Each of his cases is decided by a five-person panel chosen from the 20 members of the Board of Directors, one of whom must be from the country from which the case originates. The committee examines the comments on the case and makes recommendations to the entire board, which decides with a majority of votes. After a decision is made, Facebook has seven days to respond to the board’s decision.

Since the board began issuing decisions in January, it has overturned Facebook’s decisions in four of the five cases it examined. In one case, the board asked Facebook to restore a post in which Joseph Goebbels, the Nazis’ head of propaganda, made a reference to the Trump presidency. Facebook had previously removed the post because it “advertised dangerous people,” but it was in line with the board’s decision.

In another case, the board ruled that Facebook had gone too far by removing a post from a French user who falsely suggested that the drug hydroxychloroquine could be used to cure Covid-19. Facebook restored the post but also said the incorrect information would continue to be removed according to instructions from the Centers for Disease Control and Prevention and the World Health Organization.

In Trump’s case, Facebook also asked the board to make recommendations on how to deal with the accounts of political leaders. On Wednesday, the board suggested that the company should publicly explain when it would apply special rules for influential people, although it should set specific deadlines in doing so. The board also said Facebook should explain its strike and punishment process more clearly and develop and publish a policy regulating responses to crises or novel situations in which its regular processes would not prevent impending harm.

“Facebook was clearly abused by influential users,” said Helle Thorning-Schmidt, co-chair of the Oversight Board.

Facebook doesn’t have to accept these recommendations, but has said it will “examine them carefully”.

For Mr. Trump, Facebook has long been a place to gather his digital base and support other Republicans. He was followed by more than 32 million people on Facebook, although this was far fewer than the 88-plus million followers he had on Twitter.

Over the years, Mr Trump and Mr Zuckerberg also had an irritable relationship. Mr Trump regularly attacked Silicon Valley executives for suppressing conservative language. He also threatened to revoke Section 230, a legal shield protecting companies like Facebook from liability for what users post.

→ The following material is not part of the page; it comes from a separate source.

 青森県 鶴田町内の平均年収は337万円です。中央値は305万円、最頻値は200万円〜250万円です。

Mr Zuckerberg on occasion criticized some of Mr Trump’s policies, including how to deal with the pandemic and immigration. But as calls from lawmakers, civil rights activists, and even Facebook’s own staff increased to contain Mr Trump on social media, Mr Zuckerberg declined to act. He said the speeches given by political leaders, even if they are telling lies, were timely and in the public interest.

The two men appeared cordial even at occasional meetings in Washington. Mr Zuckerberg visited the White House more than once and dined privately with Mr Trump.

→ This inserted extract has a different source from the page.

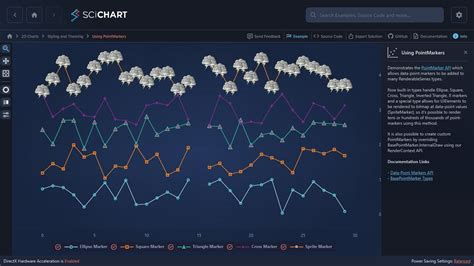 WPF Chart Using PointMarkers SciChart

The courtesy ended on January 6th. Hours before his supporters stormed the Capitol, Mr Trump used Facebook and other social media to cast doubts on the results of the presidential election he lost to Joseph R. Biden Jr. Trump wrote on Facebook, “Our country has had enough, them won’t take it anymore! “

Less than 24 hours later, Mr Trump was banned from the platform indefinitely. While his Facebook page stayed active, she slept. His last Facebook post on January 6th read: “I ask everyone in the US Capitol to remain peaceful. No violence! “

Cecilia Kang contributed to coverage from Washington.